Mansfield is testing the varieties on behalf of a company interested in making alternative fuel from canola seed. The company is located in the western U.S. According to the canola breeder who helped select varieties for Mansfield to try, canola can reportedly kick out more oil than soybeans. However, the by-product left behind does not apparently make good feed without additional tweaking, vs. products left behind after processing soybeans into oil that feeds soy biodiesel production plants.
Mansfield recalls what happened when farmers in Indiana and the lower Midwest were first introduced to canola nearly two decades ago. The push came from a seedsman, and spread to other seed- producing companies. One entrepreneur pushed farmers to grow it to sell his seed. Marketing it wasn't as well thought out as how to get farmers to grow it.
"Farmers were left with impressions such as it would yield as much or more than wheat, come off earlier than wheat to make it a good doublecrop choice, and several other things that seemed to make it an attractive choice as a crop," Mansfield says. "Unfortunately, most of those claims turned out to be false. You can doublecrop behind it, but it doesn't come off earlier than wheat. In fact, it came off later."
Other 'minor' details farmers learned the hard way included needing to cover every crack in grain augers with duct tape, and also making trucks or other transport vehicles leakproof to the tiny seed.

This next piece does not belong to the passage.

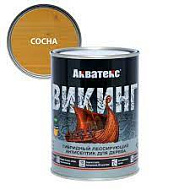 Антисептик декоративный Акватекс ВИКИНГ 0,75л сосна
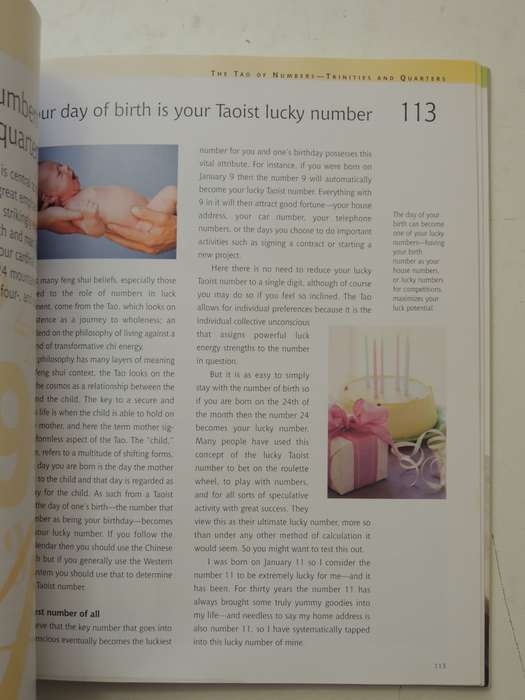 Lillian Too's 168 Ways to Harness Your Lucky Numbers for Wealth, Success & Happiness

One of the biggest downfalls, Mansfield recalls, in that initial trial period was that many varieties planted here didn't survive the winter very well. Depending upon the season, winterkill could be quite extensive. Farmers also weren't given good guidance on when to plant it, so many times it went in too late.
Canola is grown successfully in Canada. However, they grow spring canola primarily there, Mansfield notes. The canola farmers were asked to grow here was fall-planted canola. That's the type Mansfield is evaluating now.
Dow AgroSciences is in the process of developing a large market for canola oil in the food industry. It competes against low linolinic soybean oil as a healthy oil for cooking purposes. So far, the majority of acres used to grow canola for the Dow product have been in Canada.